Monday, December 10, 2007

Gated communities -- neither boon nor doom?

[“New Suburbia”: This is one of a series on the changing aspects of suburbia.]

   Left-leaning social critics have long disparaged the phenomenon of “gated communities” as an anti-social reflection of white suburbanites trying to hide from “the other,” with unsavory undertones of racism and an irrational fear of crime (when the suburbanites aren’t worried about their children being poisoned by Chinese toys).  Transportation planners sometimes fret that the isolated nature of gated communities makes integration into road systems difficult.  Barbara Ehrenreich recently published an essay arguing that gated communities don’t really provide the safety that they offer, referring to anecdotes and studies about crime within gated neighborhoods.

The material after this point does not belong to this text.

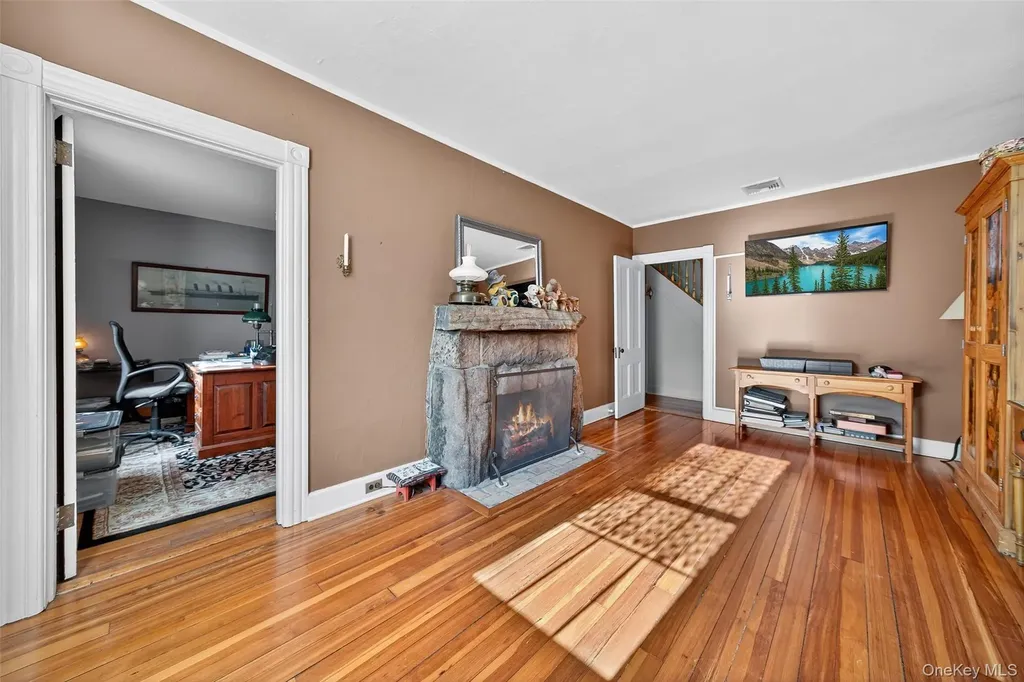 91 Eagle Valley Road Sloatsburg NY 10974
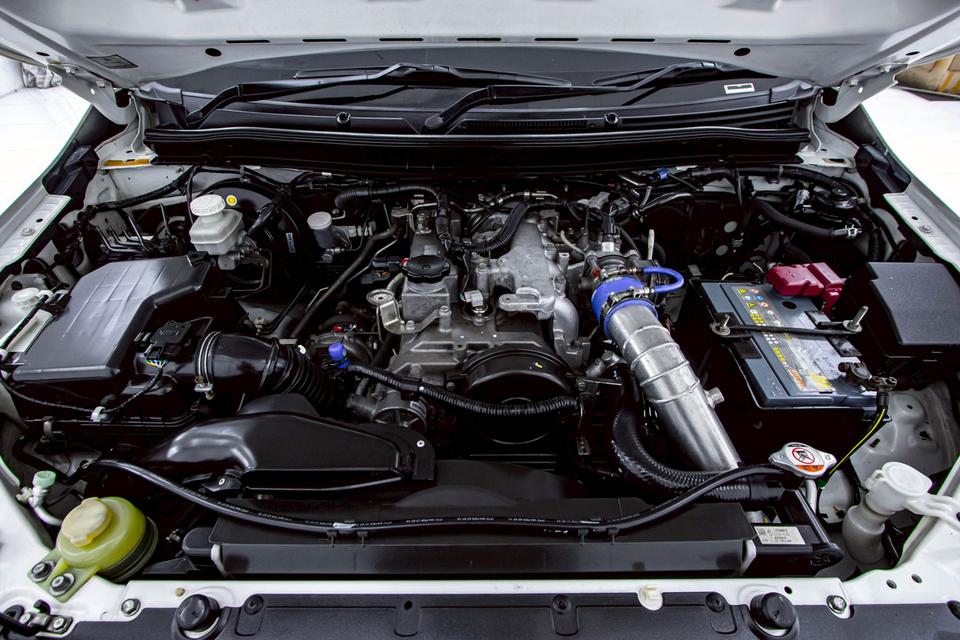 MITSUBISHI TRITON 2.4 GLS MEGACAB 2015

Gate    To me, the gated community is an unsurprising manifestation of the human desire for a sense of security –- whether or not it is effective.  Haven’t fancy Manhattan apartment houses always had a doorman?  Don’t middle-class walkup apartments have a locked door and a buzzer system?  Hasn’t the European vernacular of townhouses often presented a forbidding aspect to the street, with life centered on a secluded courtyard (unlike the British vernacular of a more inviting front door)?  Aren’t fences and gates far more ubiquitous in many other non-Western nations, which can’t be tarred with charges of American racism?   

   To the extent that Ehrenreich is correct that a gated community provides no refuge from crime, I would like to use this assertion to bolster my contention that the old chestnut about a sharp dichotomy between “city” and “suburb” makes little sense in today’s America.  Affluent old neighborhoods in big cities that have no gates (and yes, many “cities” include single-family homes) often have low crime rates, while gated communities in suburbs can be plagued by crime, especially if they are offer moderate-cost housing (a growing phenomenon) or are close to a poorer neighborhood.  Land use law acts like an ostrich if it clings to outmoded notions about a homogeneous and bland realm of suburbia.